--- Records shown Enclosed Below ---

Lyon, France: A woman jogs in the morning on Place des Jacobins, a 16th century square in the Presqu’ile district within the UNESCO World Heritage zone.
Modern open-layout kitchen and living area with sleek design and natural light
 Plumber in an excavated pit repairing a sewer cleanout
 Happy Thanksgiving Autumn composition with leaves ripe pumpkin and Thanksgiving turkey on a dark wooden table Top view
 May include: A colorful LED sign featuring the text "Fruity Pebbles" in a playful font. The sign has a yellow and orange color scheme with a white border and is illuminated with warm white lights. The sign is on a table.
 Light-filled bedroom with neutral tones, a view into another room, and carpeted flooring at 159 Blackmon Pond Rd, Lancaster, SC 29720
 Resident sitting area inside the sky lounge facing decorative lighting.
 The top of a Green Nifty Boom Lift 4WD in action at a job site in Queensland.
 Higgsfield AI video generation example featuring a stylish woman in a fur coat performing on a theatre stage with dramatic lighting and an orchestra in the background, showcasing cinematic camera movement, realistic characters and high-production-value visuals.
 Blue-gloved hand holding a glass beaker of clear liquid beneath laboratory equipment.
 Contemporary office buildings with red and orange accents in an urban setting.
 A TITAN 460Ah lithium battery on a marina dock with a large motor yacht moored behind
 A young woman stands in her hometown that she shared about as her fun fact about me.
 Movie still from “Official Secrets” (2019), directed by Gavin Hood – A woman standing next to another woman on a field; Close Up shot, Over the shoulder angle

--- End of Enclosed Records shown ---

All lines from the beginning of the entries through the line marked "A young woman" are to be output exactly; nothing else belongs in the answer.

Lyon, France: A woman jogs in the morning on Place des Jacobins, a 16th century square in the Presqu’ile district within the UNESCO World Heritage zone.
Modern open-layout kitchen and living area with sleek design and natural light
 Plumber in an excavated pit repairing a sewer cleanout
 Happy Thanksgiving Autumn composition with leaves ripe pumpkin and Thanksgiving turkey on a dark wooden table Top view
 May include: A colorful LED sign featuring the text "Fruity Pebbles" in a playful font. The sign has a yellow and orange color scheme with a white border and is illuminated with warm white lights. The sign is on a table.
 Light-filled bedroom with neutral tones, a view into another room, and carpeted flooring at 159 Blackmon Pond Rd, Lancaster, SC 29720
 Resident sitting area inside the sky lounge facing decorative lighting.
 The top of a Green Nifty Boom Lift 4WD in action at a job site in Queensland.
 Higgsfield AI video generation example featuring a stylish woman in a fur coat performing on a theatre stage with dramatic lighting and an orchestra in the background, showcasing cinematic camera movement, realistic characters and high-production-value visuals.
 Blue-gloved hand holding a glass beaker of clear liquid beneath laboratory equipment.
 Contemporary office buildings with red and orange accents in an urban setting.
 A TITAN 460Ah lithium battery on a marina dock with a large motor yacht moored behind
 A young woman stands in her hometown that she shared about as her fun fact about me.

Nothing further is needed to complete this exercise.